A typical use of the word behavior is in relation to "the way in which someone conducts oneself," i.e. directed human action. To say that defining racism in terms of beliefs about differences in behavior is "nonsense" because of differences in sweating-rates, is in my view a fringe application of the concept of behavior. Likewise, if we said that two people were "behaving differently" although their intentional actions were identical, because their hair grew differently, or because their hearts beat at different speeds, this could be seen as a fringe use of the term also. Therefore, if someone called a psychological theory about behavior nonsense because it did not capture differences in hair growth or heart rates, this would not be a valid objection.
You're close but not quite right. Hatred is something within the realm of intense disliking, whilst animus veers towards a personal grudge. That's why Merriam-Webster lists animosity (synonym for animus) as being only related to hatred
If I were to list various instances of "racism" / "racial hatred" and asked whether these constituted a "personal grudge against a race" it would surely come down to your own opinion which instances you would deem appropriate and which not. Many leftists would claim that Charles Murray's motivation for writing his books was a personal racial animus, while those on the right will say that Critical Race Theory advocates have a personal grudge against the white race. How do we determine who is right?

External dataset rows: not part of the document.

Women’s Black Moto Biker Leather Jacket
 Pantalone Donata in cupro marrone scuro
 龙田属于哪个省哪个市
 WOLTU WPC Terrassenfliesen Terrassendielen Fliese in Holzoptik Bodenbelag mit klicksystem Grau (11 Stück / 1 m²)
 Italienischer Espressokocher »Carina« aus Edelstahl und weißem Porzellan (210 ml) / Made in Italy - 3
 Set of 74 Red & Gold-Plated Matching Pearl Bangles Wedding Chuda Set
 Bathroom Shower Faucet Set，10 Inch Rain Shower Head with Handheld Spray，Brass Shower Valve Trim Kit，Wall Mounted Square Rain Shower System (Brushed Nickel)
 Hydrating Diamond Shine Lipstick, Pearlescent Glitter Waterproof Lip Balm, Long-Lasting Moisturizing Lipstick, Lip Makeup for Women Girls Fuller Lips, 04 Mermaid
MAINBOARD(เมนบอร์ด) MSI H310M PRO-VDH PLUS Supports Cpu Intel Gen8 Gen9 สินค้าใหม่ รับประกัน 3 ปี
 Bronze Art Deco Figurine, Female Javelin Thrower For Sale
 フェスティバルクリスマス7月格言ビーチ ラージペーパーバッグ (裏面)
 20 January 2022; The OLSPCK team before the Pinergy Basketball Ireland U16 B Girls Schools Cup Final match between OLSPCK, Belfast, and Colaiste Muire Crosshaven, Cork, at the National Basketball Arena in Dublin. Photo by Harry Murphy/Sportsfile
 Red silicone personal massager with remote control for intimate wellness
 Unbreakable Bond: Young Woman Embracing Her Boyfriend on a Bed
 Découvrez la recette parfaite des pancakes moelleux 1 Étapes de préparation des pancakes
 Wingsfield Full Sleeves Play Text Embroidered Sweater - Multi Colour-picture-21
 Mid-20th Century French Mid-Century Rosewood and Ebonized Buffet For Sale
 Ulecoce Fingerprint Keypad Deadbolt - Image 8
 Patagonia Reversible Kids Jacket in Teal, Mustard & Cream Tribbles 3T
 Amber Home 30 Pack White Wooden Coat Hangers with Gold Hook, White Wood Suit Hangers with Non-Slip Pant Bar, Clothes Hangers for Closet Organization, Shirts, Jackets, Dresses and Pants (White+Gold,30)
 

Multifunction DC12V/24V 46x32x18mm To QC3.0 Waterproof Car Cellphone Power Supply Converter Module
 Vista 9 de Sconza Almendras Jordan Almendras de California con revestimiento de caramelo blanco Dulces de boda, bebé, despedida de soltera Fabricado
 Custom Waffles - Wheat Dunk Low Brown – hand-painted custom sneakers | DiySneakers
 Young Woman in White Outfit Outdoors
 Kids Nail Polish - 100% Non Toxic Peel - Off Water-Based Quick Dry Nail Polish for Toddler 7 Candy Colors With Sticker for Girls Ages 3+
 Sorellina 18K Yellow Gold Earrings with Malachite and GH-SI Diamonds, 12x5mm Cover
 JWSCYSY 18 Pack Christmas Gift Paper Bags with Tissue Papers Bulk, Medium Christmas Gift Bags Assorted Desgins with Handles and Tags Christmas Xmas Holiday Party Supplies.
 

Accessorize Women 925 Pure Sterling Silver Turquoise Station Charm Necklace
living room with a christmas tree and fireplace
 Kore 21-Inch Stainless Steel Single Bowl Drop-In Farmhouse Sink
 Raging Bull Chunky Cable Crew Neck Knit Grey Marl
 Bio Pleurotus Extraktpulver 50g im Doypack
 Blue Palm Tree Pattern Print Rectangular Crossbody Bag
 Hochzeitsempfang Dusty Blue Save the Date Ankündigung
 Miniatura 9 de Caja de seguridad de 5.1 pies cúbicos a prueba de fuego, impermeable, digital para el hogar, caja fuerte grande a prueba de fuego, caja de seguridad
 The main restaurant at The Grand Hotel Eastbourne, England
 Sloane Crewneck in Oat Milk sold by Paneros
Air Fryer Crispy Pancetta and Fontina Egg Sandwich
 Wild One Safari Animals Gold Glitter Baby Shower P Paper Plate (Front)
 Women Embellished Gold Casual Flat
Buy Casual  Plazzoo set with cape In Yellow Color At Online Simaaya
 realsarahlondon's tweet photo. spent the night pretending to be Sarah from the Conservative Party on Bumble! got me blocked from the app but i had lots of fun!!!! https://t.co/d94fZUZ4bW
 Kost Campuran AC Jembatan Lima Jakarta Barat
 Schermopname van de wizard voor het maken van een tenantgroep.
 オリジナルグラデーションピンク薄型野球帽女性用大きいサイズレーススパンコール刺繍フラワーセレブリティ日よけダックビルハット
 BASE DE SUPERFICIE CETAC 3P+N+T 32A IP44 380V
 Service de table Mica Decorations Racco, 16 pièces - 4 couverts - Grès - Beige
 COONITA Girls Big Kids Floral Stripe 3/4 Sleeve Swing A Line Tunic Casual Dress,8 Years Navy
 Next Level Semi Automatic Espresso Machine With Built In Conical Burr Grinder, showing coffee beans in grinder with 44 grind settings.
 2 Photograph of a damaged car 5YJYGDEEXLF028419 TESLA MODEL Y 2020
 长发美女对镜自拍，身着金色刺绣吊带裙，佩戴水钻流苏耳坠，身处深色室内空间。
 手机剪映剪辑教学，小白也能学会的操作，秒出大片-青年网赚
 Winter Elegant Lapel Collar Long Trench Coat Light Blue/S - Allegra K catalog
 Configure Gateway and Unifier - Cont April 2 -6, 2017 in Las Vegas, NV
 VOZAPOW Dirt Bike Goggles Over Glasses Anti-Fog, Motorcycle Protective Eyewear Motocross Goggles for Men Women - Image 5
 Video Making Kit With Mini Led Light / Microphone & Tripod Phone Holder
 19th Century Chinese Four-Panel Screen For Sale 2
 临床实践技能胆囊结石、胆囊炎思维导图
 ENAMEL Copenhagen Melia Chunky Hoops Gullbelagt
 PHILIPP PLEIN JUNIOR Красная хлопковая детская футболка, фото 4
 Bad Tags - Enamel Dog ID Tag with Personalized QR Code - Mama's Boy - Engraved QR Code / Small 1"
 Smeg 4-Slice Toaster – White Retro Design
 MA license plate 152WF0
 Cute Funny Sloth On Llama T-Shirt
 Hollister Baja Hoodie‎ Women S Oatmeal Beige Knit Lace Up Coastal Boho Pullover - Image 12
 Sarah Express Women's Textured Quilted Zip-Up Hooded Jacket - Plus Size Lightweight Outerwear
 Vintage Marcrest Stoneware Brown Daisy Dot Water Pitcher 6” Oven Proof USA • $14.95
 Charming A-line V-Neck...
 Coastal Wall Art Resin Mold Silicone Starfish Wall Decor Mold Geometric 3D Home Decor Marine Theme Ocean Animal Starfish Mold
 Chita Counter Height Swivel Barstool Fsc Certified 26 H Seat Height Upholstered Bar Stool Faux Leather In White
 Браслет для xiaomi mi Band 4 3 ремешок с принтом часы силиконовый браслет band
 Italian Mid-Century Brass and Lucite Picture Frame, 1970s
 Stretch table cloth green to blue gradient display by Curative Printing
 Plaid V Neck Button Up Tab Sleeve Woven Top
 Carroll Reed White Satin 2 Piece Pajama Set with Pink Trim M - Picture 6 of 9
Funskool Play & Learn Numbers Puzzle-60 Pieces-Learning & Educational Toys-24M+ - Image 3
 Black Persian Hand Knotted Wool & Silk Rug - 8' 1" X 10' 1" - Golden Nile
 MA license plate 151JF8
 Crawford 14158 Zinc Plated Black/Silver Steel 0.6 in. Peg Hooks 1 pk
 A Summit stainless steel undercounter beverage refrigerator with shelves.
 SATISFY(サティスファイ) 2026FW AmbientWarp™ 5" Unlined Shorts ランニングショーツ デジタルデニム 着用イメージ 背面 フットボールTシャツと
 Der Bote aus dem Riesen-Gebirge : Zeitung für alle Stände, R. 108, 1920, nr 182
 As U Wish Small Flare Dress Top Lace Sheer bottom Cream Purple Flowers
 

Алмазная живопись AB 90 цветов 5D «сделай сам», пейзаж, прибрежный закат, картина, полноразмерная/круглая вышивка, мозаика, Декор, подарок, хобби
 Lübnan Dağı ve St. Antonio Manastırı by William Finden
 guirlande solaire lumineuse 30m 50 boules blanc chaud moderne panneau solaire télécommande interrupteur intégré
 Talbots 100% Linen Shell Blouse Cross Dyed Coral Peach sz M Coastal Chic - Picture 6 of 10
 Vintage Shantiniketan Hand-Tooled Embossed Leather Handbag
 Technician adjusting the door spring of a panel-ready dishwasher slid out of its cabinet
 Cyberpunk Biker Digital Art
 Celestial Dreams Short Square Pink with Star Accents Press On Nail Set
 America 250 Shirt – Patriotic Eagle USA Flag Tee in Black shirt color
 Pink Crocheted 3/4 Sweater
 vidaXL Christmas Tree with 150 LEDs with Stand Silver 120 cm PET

Still, I'll respond in good faith to what you meant. I think race-based attacks are all spawned by this animus. That's why some write 1000 page manifestos of why they're about to attack a certain race. Serial killers tend to be indifferent to who they kill, and do so sometimes for the thrill of killing, or sometimes to get back at society. I've never heard of a serial killer killing a certain race of people without having hatred of said race -- that doesn't add up.
It seems that by your standard, the only racial disparity we should have tools to condemn, are examples involving people being murdered, purely and explicitly for the reason of an emotional reaction to their race, and anything short of this is deemed trivial nonsense.
The term shouldn't apply to slavery because that's not what slavery was about. Slaves were (sadly) functionally productions tools that produced value. In other words, instead of having a cotton-picking machine, you could get a human to do it. You weren't financially incentivized to racially abuse your slaves (although some slave owners would). Slavery was a business decision, not an attack on any race due to their race.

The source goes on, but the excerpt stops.